Tembo Preserve is located in Northern California within a three-hour driving distance from the Oakland Zoo. The Preserve site is the 4,929-acre former Diamond Ranch in Tehama County, approximately 17 miles west of I-5 and about 30 minutes northwest of the city of Red Bluff. Located in a rural area, the Preserve as well as the surrounding properties are primarily used for winter cattle grazing.
Northern California is one of only five areas in the world with a climate comparable to southern Africa, where some of the largest populations of African elephants live. The summers are dry and hot with high temperatures above 89°F, while winters are mild with an average daily high temperature below 62°F.

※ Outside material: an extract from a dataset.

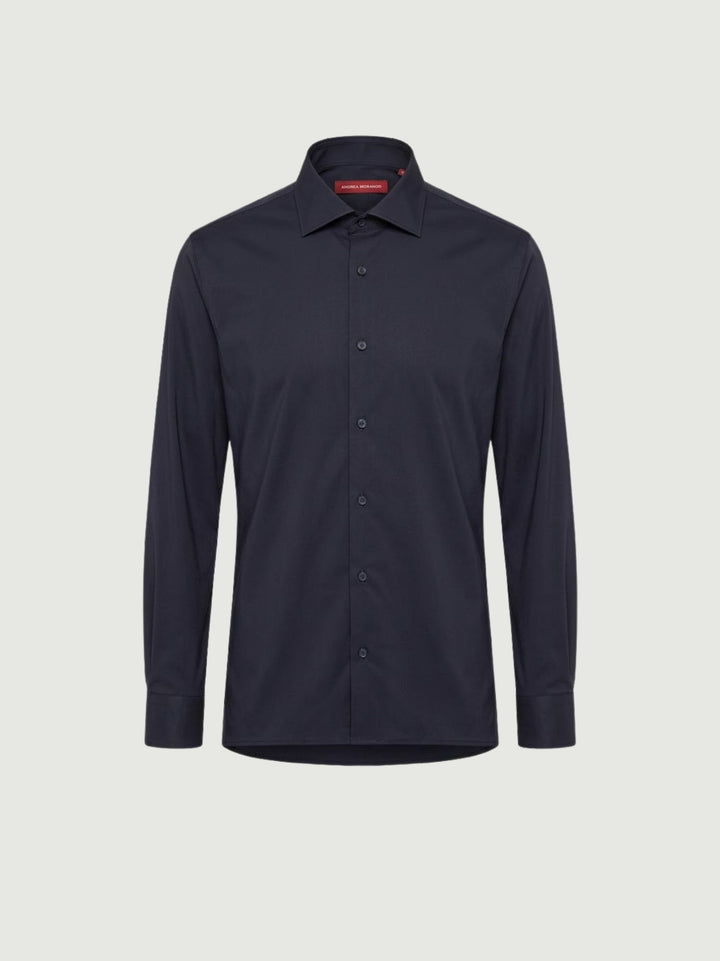 Camicia no stiro con colletto francese blu navy BU27W10CANEU 200 ANDREA MORANDO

Encouraging natural behavior, such as foraging and exploring, is paramount to enhancing a captive elephant’s everyday life. Tehama County’s rolling hill topography and grassy woodland vegetation are ideally suited to elephants and their grazing patterns and will enable them to experience a captive lifestyle unlike any other. In the wild, elephants typically travel between 7–13 miles a day foraging for the massive 100-1,000 lbs. of food they require depending on the type and quality of food available. Captive elephants typically consume about 250 pounds of food per day and because they live a sedentary life they are often obese. The expansive Preserve will allow each elephant access to over 100 acres with their food scattered throughout, requiring them to search for it as they would in the wild. As elephants move through the vast hills, pasture, and blue oak woodland they will develop extraordinary muscle tone rarely seen in captive elephants.